* [Action item]
Would you please return the lines of the entries below starting at the line that has "Unisex Adult Incontinence" and ending at the line that has "Boohoo Plus Hooded", both included, exactly as they are?

**** Data extracts ****

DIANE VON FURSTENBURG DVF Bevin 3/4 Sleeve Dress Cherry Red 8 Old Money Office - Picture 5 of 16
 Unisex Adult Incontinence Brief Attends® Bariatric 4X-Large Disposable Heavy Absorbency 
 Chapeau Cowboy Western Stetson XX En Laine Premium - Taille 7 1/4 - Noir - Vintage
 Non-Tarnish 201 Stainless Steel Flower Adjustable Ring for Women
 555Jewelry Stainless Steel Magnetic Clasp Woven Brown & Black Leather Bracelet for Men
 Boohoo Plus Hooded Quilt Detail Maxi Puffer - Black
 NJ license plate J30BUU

****

* [Task output]
 Unisex Adult Incontinence Brief Attends® Bariatric 4X-Large Disposable Heavy Absorbency 
 Chapeau Cowboy Western Stetson XX En Laine Premium - Taille 7 1/4 - Noir - Vintage
 Non-Tarnish 201 Stainless Steel Flower Adjustable Ring for Women
 555Jewelry Stainless Steel Magnetic Clasp Woven Brown & Black Leather Bracelet for Men
 Boohoo Plus Hooded Quilt Detail Maxi Puffer - Black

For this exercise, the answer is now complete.